L’ingénierie financière a beaucoup fait parler d’elle lors de la crise des surprimes, à laquelle elle a apporté sa pleine contribution. On découvre d’autres méfaits de sa part lorsqu’elle contribue au montage de structures complexes de l’endettement des entreprises qui connaissent un sucés grandissant. Pour le moins, celle-ci ne facilite pas un accord des créanciers lorsque les entreprises se réfugient derrière la fameuse loi américaine sur les faillites (« chapitre 11 ») qui les en protège en leur permettant de se réorganiser afin de survivre.
Devant les exigences des investisseurs en matière de rendement de leurs capitaux – ayant comme référence ceux mirifiques des actifs financiers – les gestionnaires préfèrent s’endetter dans l’espoir de jours meilleurs. En distribuant des garanties par petits bouts afin de minimiser le coût global de leurs emprunts. Une compagnie d’aviation va ainsi garantir sa dette avec ses programmes de fidélité ou ses droits de trafic, de préférence qu’avec ses avions. La propriété intellectuelle a la cote, d’autant que sa valorisation peut être complaisante.

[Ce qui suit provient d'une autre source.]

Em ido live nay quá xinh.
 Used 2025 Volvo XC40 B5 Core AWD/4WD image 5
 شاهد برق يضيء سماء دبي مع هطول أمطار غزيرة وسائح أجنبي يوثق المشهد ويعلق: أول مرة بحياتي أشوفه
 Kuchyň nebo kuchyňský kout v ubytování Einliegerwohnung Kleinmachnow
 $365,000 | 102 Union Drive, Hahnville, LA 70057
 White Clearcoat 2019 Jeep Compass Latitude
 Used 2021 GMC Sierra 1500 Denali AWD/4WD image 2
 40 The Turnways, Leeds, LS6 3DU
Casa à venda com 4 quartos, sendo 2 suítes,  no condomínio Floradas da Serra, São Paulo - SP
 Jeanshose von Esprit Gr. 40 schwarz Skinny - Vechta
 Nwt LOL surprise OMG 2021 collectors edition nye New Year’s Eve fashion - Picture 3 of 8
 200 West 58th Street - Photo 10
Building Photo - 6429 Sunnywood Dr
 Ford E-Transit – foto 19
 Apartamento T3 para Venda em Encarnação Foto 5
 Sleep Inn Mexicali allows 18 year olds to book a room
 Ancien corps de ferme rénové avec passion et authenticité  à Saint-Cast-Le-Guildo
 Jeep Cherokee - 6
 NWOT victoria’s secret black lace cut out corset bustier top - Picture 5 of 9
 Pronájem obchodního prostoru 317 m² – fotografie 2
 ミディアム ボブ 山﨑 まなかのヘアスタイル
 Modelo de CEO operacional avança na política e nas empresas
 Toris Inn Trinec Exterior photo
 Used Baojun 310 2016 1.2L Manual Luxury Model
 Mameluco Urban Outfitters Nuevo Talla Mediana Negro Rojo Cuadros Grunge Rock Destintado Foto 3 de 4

Mais la médaille a son revers. Lorsque vient le moment où un accord de l’ensemble des créanciers est nécessaire, qui suppose un accord du partage du gâteau, celui-ci devient difficile à dégager, faute de consensus à propos de la valeur de l’entreprise. Chaque créancier essaye alors de tirer son épingle du jeu. Il ne reste plus alors à l’entreprise d’autre choix que de liquider dans le désordre ses actifs pour éviter de déposer son bilan. Un organigramme international de plus en plus complexe – quand c’est le cas – rend l’exercice encore plus aléatoire, la transparence n’étant pas sa qualité première.
Une nouvelle loi peut être inscrite au fronton du système financier : plus il se complexifie pour garder son équilibre, plus il s’opacifie et au bout du compte se fragilise ! Les algorithmes omniprésents s’inscrivent aujourd’hui dans la même logique en raison de leur nature impénétrable. À croire qu’ils pourraient prétendre à la succession d’une démocratie représentative en bout de course, le reste n’étant que façade et endoctrinement qui loin de la réduire accroissent la fracture sociale.